Todo convivía bajo la sombra de la Doctrina de la Seguridad Nacional.
El monstruo estaba con nosotros, algunos lo veían, otros no tanto, lo
cierto es que esos fueron los últimos años de alegría pop antes del
oscurantismo que comenzó en el ’76.
A mediados de 1973, poco tiempo después de asistir a la función de Juan Moreira Supershow,
tuve un accidente de auto con fractura de fémur, que me dejó postrada
en cama durante casi dos años, de la que salí caminando en muletas.
Luego volví a bailar, hasta casi más de los 30 años.
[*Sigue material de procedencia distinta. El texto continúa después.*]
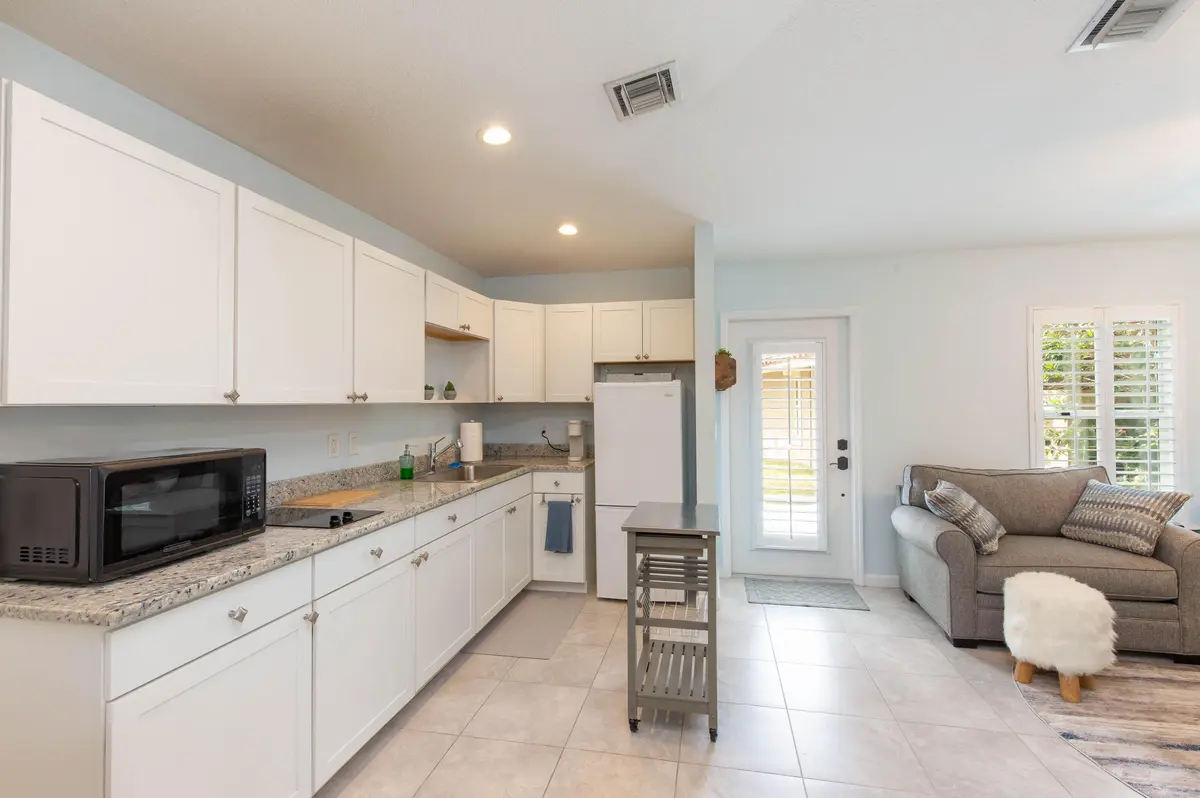 Kitchen at 352 WINDOW ROCK Drive, Wellington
Sin embargo, ni mi
cuerpo ni yo fuimos los mismos. Nunca sabré hasta qué punto la
experiencia del súper show de Moreira, no me llevó, años después, a
transformar las muletas en un cuadro musical que hicimos con Gambas. Lo
que es seguro es que el brillo, los colores, la fractura y los sótanos
que mamé en mi patria de la infancia, me hicieron vivir un verdadero
Súper show ochentoso, antes de que terminara el siglo.